I didn't understand the first comment: varying is just the names of all columns that should be varying. For a sample dataframe it could be df.iloc[:, 4:11].columns.tolist(). I.e. that the names happen to be space separated is just how the data columns ended up looking like in messy real world data?

And I do not think this can be made backward compat because the varying argument would be different, stubnames would now be computed inside the function.

The old doc example were there is no single character separator, f.eks varying = ['A1970', 'A1980', 'B1970', 'B1980'] will only work by first converting the column names to the allowed format with

df.columns.str.replace('([A-B])', '\\1.')
Index([u'A.1970', u'A.1980', u'B.1970', u'B.1980', u'X', u'id'], dtype='object')

then calling wide_to_long with varying = ['A.1970', 'A.1980', 'B.1970', 'B.1980']

I do not know if this really is considered too unwieldy...? R's reshape interface is perhaps not the most user friendly, but with plenty of doc examples its flexibility should maybe be appreciated?

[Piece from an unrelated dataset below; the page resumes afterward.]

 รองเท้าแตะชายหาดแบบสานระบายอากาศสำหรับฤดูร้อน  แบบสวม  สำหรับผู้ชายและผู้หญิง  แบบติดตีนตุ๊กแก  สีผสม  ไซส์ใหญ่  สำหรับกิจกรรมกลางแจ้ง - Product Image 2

The original function author seemed to have tried to mimic Statas reshape where reshape essentially only would take the stubnames as argument. The problem is that in stata column names are highly constrained (can for ex not have whitespaces or non alphanumeric characters), while in pandas they can be any utf8 string, which makes it much harder to generalize.

So if we should preserve the original function authors intention, where the user only supplies stubnames as in Stata, we need to impose some strict assumptions on the column names passed, like the only kind of column names we can have (that are varying) are of the type PrefixPostfix, where Prefix and Postfix are alphanumeric. These are the only ones Stata's reshape needs to consider, and what the original wide_to_long function implicitly assumes. We can also handle PrefixSepPostfix where Sep is a single separating character.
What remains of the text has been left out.